**PROBLEM TO WORK ON**
Write out only the lines from the line that holds "ウールワイドトラウザー" to the end of the listing below, inclusive, with the pictures omitted.

**RECORDED DATA**
»»

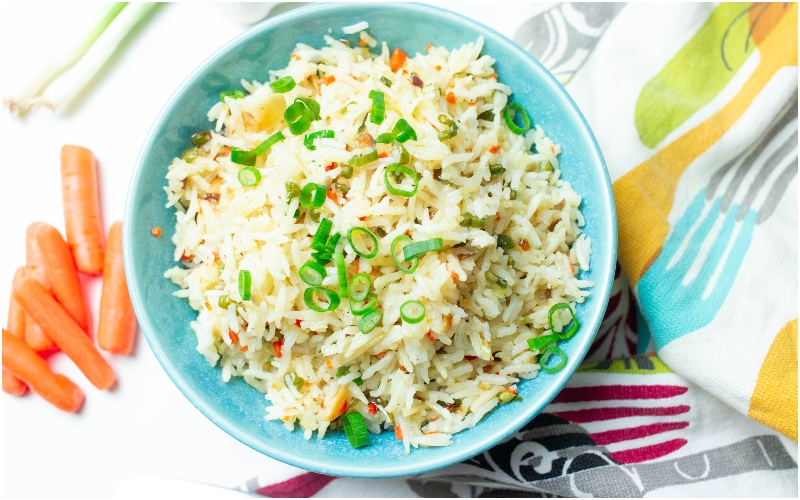 Veg Fried Rice veg dinner recipe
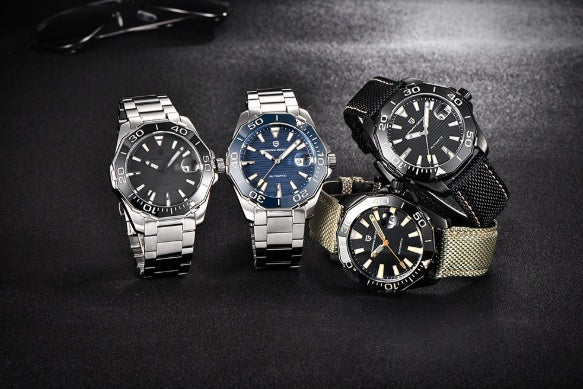Montres mécaniques pour hommes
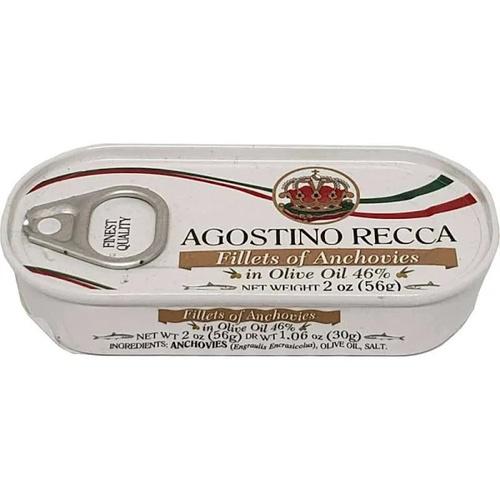ANCHOVAS FILÉ AGOSTINHO RECCA 30G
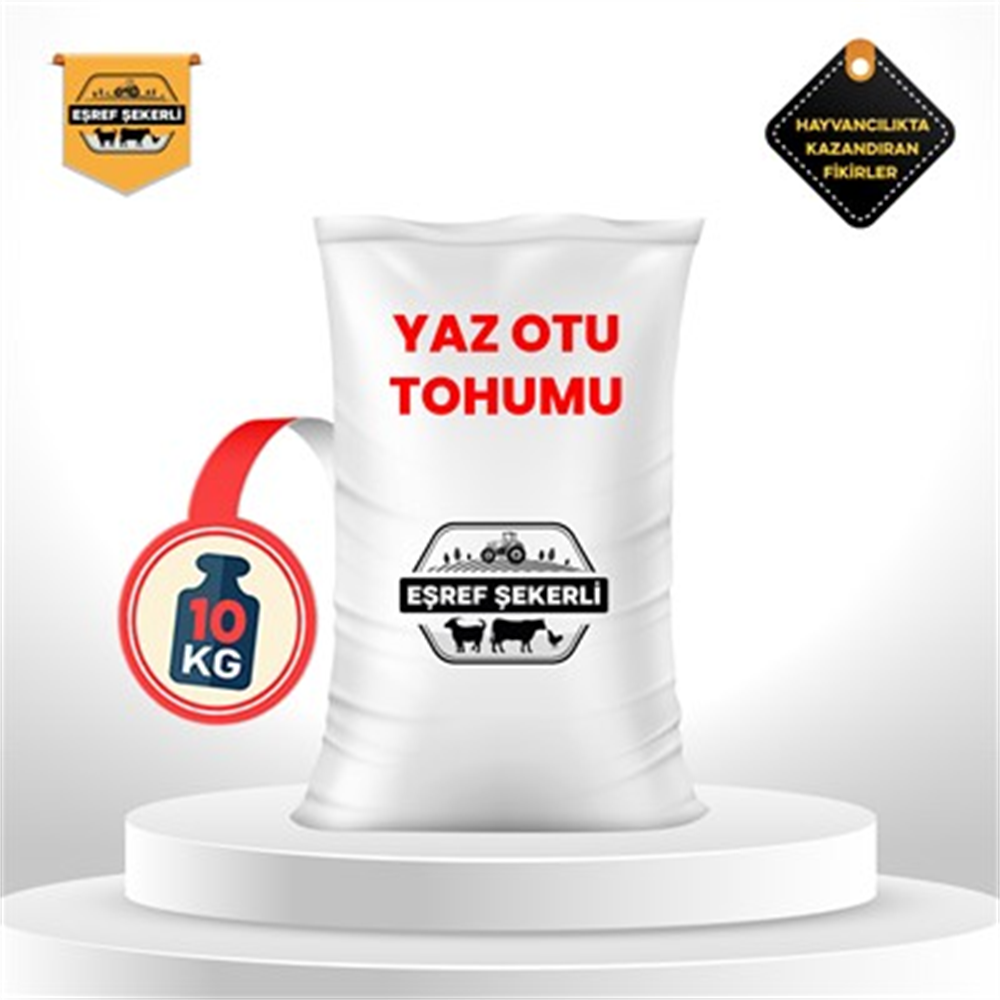 Teffgrass Yaz Otu Tohumu 10 Kg.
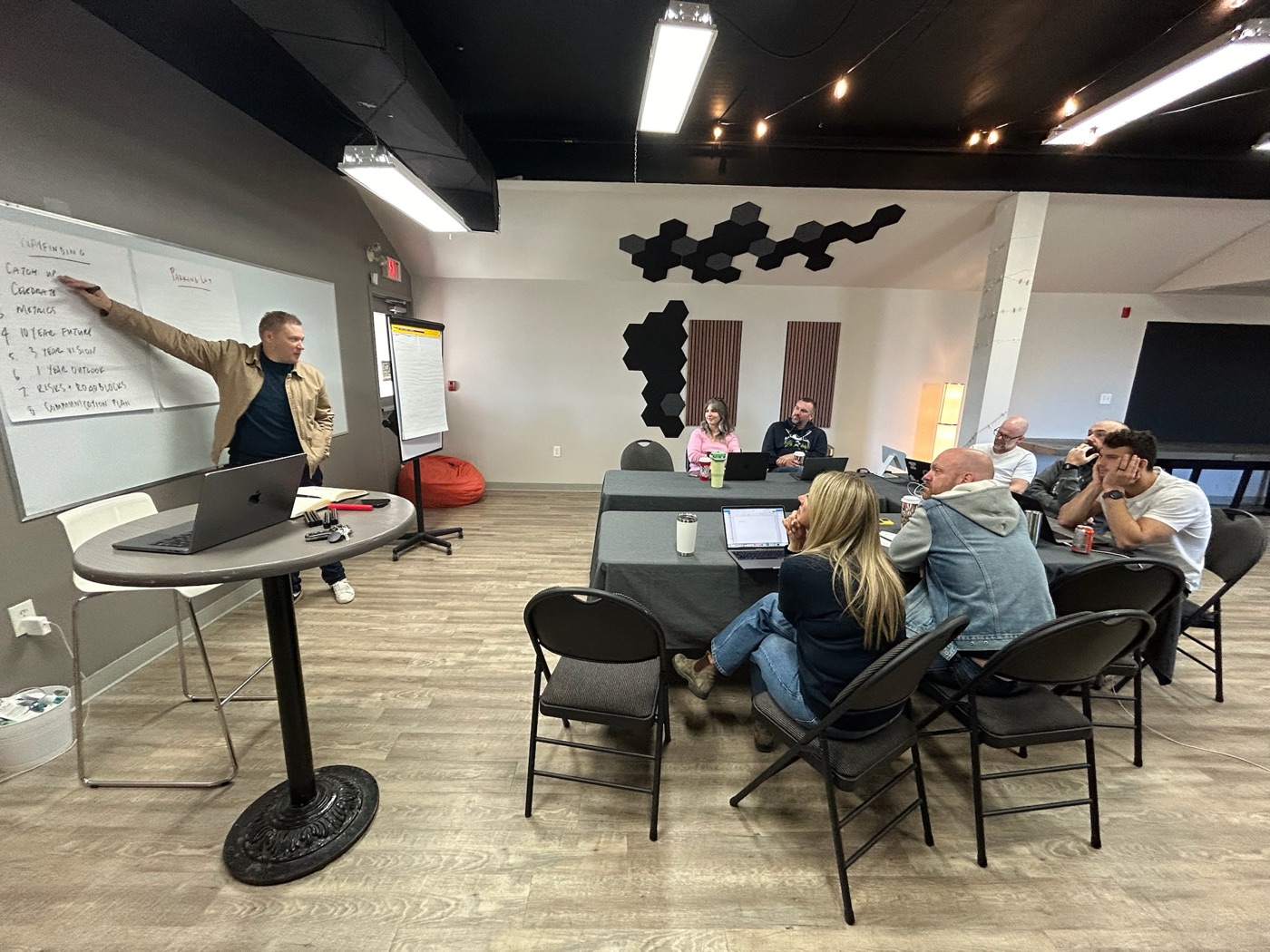 Clearway team workshop session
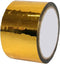 Easy 99 Metallic Tape - Mirror Tape Duct Tape for DIY Decorative Projects, 2.4 Inches x 55 Yards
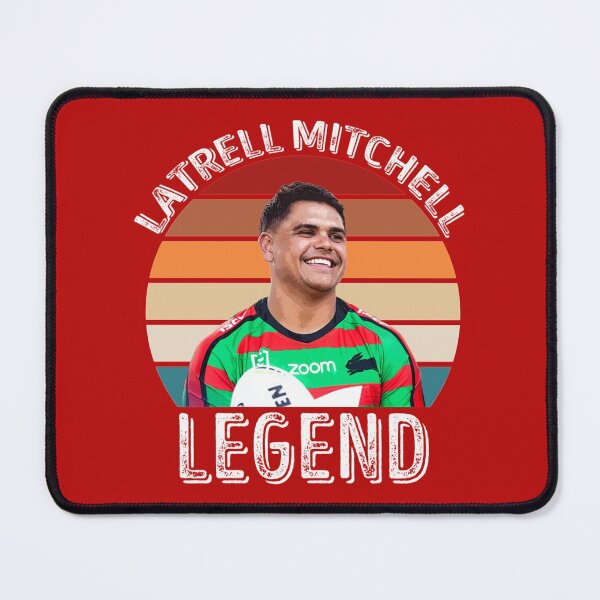 Item preview, Latrell Mitchell Rabbitohs Classic  designed and sold by Tipsonjersey.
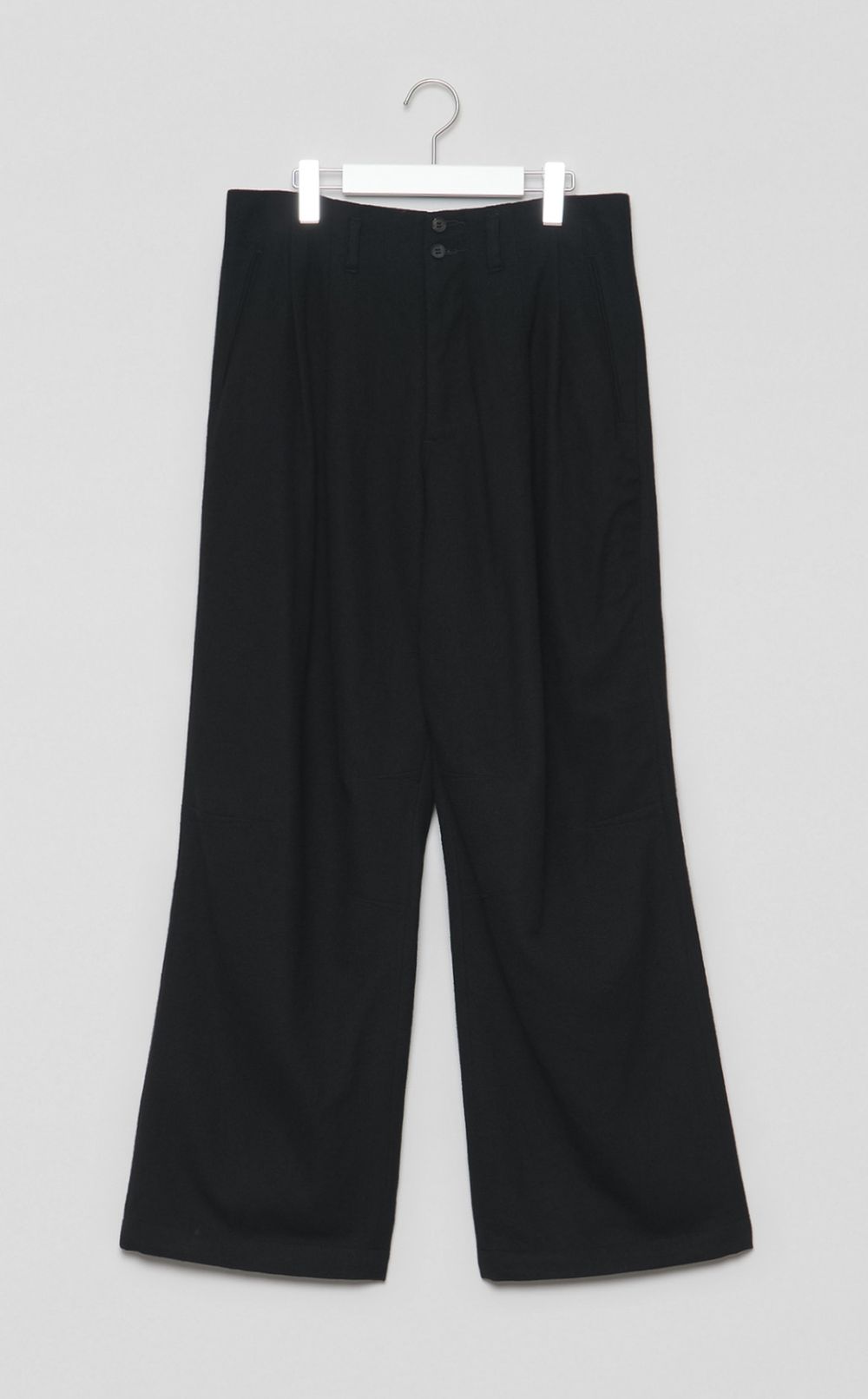 ウールワイドトラウザー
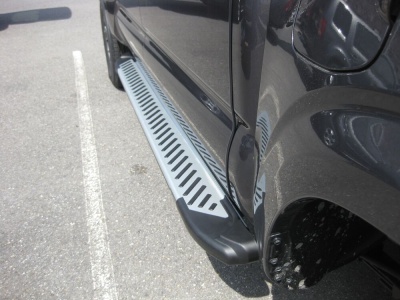 Praguri Laterale Toyota Tacoma Crew Cab 05-15 - ARP Artemis Fin - imagine 6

««

**ANSWER SECTION**
 ウールワイドトラウザー
 Praguri Laterale Toyota Tacoma Crew Cab 05-15 - ARP Artemis Fin - imagine 6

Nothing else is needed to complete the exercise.